Poullain-Affäre 1977

Am 23. Dezember 1977 trat Ludwig Poullain vom Amt als Vorstandsvorsitzender der WestLB zurück. Zuvor war in der Öffentlichkeit ein Beratervertrag Poullains mit dem Unternehmer Franz Josef Schmidt bekannt geworden, der in der Presse als skandalös empfunden wurde. Eine Million DM hatte der Poullain aus diesem Vertrag erhalten. Der Vertrag war von ihm nicht verheimlicht und auch ordnungsgemäß versteuert worden, wie sich später herausstellte. Die WestLB sprach nach weiteren Presseveröffentlichungen am 17. Januar 1978 eine fristlose Kündigung gegen Poullain wegen grober Pflichtverletzung aus. Der nordrhein-westfälische Finanzminister Friedrich Halstenberg (SPD) trat am selben Tag zurück. Halstenberg war Vorsitzender des WestLB-Verwaltungsrat. Es mag hier auch eine Rolle gespielt haben, dass Ludwig Poullain zuvor dem Ministerpräsidenten Heinz Kühn (SPD) gegenüber standfest geblieben war. Kühn hatte Poullain gebeten, in der Öffentlichkeit künftig kritische Sätze zur Wirtschaftspolitik des damaligen Bundeskanzlers Helmut Schmidt (SPD) zu unterlassen. Poullain verweigerte sich dem Ansinnen und pochte auf sein Recht auf freie Meinungsäußerung.

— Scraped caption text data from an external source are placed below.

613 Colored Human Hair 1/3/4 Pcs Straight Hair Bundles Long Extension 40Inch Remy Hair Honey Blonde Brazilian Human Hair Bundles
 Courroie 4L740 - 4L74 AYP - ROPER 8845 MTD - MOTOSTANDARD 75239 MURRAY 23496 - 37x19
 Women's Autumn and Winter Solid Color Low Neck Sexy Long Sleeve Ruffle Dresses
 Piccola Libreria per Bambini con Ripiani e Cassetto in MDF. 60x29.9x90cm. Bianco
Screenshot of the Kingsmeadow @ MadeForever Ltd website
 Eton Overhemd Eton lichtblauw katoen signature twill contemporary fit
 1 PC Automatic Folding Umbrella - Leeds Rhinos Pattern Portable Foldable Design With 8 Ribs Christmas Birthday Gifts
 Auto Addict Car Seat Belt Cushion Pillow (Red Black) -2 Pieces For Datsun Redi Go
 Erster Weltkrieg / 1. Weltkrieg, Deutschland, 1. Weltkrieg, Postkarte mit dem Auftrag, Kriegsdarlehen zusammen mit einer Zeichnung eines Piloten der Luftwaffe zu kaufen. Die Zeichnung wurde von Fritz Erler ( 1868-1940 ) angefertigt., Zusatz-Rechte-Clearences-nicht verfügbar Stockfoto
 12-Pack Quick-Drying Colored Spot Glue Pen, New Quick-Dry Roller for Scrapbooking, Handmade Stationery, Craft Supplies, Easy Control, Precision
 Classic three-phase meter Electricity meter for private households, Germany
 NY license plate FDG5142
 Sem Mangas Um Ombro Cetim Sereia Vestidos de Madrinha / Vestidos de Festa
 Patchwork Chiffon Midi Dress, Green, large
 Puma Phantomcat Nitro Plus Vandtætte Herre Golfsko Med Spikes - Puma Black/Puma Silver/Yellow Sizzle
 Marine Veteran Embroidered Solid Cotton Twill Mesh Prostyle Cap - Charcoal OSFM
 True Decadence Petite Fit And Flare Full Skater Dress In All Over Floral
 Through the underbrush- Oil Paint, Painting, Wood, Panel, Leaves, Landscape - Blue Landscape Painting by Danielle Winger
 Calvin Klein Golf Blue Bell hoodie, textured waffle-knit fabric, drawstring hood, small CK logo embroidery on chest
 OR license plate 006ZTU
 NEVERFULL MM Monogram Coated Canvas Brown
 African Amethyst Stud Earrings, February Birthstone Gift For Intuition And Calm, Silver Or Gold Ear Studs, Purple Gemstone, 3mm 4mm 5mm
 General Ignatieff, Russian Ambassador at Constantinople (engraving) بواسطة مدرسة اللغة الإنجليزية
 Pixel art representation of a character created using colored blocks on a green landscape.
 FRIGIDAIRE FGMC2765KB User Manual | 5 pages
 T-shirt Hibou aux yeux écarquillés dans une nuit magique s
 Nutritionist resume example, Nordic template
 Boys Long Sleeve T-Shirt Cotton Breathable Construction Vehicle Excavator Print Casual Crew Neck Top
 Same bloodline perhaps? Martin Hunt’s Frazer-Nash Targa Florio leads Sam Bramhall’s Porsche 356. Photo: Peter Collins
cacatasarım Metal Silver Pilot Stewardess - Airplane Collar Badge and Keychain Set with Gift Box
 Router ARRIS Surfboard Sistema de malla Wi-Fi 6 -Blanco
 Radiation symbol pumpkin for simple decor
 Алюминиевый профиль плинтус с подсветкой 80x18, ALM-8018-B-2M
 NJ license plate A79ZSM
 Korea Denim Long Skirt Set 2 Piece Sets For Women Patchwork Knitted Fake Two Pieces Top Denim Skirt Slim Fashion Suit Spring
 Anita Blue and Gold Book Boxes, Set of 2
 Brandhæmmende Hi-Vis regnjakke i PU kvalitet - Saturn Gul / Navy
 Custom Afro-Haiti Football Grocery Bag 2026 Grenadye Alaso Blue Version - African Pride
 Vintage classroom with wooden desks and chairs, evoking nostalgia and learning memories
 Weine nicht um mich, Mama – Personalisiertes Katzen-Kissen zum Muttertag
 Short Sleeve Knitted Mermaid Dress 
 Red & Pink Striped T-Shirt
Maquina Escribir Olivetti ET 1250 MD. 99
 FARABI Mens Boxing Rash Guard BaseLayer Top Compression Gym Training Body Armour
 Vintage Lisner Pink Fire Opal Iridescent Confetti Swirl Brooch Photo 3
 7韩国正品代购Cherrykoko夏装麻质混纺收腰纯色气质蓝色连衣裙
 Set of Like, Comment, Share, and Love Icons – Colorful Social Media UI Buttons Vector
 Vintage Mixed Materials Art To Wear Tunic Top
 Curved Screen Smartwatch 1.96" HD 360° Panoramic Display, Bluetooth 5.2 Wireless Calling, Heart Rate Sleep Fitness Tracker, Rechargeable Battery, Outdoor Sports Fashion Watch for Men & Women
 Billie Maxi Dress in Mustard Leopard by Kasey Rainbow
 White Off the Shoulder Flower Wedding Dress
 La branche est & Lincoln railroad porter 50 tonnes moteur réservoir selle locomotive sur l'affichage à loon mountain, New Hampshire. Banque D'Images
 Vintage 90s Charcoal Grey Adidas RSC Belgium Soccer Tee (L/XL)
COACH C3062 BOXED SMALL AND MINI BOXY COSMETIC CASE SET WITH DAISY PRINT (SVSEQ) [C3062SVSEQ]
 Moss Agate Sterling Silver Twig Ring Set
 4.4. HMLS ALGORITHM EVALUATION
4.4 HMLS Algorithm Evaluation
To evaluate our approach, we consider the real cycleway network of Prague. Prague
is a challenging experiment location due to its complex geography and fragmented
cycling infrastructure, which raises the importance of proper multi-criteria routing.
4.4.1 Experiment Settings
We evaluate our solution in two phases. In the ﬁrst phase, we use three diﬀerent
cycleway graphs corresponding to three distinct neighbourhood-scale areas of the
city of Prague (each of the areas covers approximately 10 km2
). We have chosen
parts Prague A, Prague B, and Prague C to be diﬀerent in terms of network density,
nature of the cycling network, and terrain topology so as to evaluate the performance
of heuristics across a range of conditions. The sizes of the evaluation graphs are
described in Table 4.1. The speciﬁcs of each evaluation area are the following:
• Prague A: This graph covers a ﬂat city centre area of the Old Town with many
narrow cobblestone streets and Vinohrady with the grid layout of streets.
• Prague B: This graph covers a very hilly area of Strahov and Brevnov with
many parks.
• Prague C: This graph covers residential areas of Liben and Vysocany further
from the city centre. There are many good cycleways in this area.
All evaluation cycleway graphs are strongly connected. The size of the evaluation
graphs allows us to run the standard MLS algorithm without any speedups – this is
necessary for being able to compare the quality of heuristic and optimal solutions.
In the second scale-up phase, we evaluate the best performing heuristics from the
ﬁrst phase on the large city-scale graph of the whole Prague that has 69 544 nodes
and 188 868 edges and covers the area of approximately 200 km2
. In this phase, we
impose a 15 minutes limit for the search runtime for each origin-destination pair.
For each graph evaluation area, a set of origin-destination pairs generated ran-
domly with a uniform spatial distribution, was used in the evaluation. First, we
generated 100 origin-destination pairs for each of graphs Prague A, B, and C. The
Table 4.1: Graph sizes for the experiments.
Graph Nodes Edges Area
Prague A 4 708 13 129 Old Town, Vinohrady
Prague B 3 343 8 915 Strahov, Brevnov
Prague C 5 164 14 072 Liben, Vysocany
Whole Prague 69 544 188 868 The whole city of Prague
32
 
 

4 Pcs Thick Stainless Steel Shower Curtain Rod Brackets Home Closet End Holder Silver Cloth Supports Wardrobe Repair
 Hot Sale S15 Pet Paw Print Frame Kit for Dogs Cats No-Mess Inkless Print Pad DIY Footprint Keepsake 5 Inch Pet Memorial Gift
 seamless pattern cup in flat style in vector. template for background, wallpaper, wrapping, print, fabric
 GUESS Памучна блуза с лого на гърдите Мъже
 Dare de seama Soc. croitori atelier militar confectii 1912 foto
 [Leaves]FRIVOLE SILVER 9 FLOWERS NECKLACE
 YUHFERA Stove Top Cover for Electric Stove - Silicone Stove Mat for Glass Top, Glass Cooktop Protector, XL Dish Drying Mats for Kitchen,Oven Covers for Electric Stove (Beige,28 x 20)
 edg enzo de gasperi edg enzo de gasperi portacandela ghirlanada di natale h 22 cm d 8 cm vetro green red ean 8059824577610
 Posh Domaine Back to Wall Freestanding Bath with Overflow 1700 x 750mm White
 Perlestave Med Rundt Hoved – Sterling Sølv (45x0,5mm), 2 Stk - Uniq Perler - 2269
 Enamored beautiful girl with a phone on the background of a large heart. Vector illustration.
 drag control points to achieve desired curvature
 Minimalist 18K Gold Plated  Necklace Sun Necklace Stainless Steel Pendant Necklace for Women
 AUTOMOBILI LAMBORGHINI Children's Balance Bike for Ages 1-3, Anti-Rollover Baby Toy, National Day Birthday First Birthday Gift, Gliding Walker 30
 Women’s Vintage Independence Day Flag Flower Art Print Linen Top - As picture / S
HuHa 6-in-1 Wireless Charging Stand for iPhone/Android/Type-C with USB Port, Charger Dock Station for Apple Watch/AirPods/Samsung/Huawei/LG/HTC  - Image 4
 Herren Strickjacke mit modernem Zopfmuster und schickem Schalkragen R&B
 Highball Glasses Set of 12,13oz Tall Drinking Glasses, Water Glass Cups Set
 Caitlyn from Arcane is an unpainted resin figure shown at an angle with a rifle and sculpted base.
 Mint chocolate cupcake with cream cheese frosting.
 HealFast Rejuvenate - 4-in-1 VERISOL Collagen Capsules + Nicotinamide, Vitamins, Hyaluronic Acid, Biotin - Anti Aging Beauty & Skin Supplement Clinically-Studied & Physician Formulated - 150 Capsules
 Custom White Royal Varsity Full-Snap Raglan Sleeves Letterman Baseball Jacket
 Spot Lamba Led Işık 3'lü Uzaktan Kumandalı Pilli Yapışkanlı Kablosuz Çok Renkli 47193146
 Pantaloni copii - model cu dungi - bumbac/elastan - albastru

Die Poullain-Affäre beschäftigte auch die Gerichte. Am 13. Juli 1979 endete die Berufungsverhandlung vor dem Oberlandesgericht Düsseldorf wegen Erfüllung seines Abfindungsvertrags zugunsten Poullains. Im Strafverfahren wegen Betrugs und Untreue sprach ihn das Landgericht Münster am 16. November 1981 in allen Anklagepunkten frei. Poullain habe nicht als "Amtsträger" gehandelt und den umstrittenen Beratervertrag somit schließen dürfen.

Ungehaltene Rede 2004

Im Juli 2004 geriet Ludwig Poullain erneut in die Schlagzeilen der Wirtschaftspresse. Er sollte zur Verabschiedung des Vorstandschefs der Norddeutschen Landesbank Manfred Bodin eine Rede halten. Die geplante Rede über „Bank und Ethos“ wurde kurzfristig abgesagt, nachdem der Redetext mit zahlreichen Kritikpunkten am bestehenden deutschen Bankwesen bekannt geworden war. Die ursprünglich für einen kleinen Insiderkreis geschriebene Rede wurde daraufhin unter der Überschrift „Ungehaltene Rede“ am 16. Juli 2004 in voller Länge in der Frankfurter Allgemeinen Zeitung veröffentlicht. Die Schelte, die man unterdrücken wollte, entfaltete so eine sehr viel größere Wirkung.

Werke

  • Gefährdete Wirtschaftsordnung, Deutsche Weltwirtschaftsgesellschaft, Berlin 1974
  • Die Sparkassenorganisation, Knapp, Frankfurt/M. 1972
  • Tätigkeitsbericht, Seewald, Stuttgart-Degerloch 1979, ISBN 3-5120-0532-2 (Biographie)
  • Ungehaltene Rede, in: Frankfurter Allgemeine Zeitung 163 (2004) vom 16. Juli 2004, S. 9

Literatur

  • Helmut Reuther: Ludwig Poullain, Transcontact Verlag, Bonn 1973 (Menschen unserer Zeit; Bd. 19)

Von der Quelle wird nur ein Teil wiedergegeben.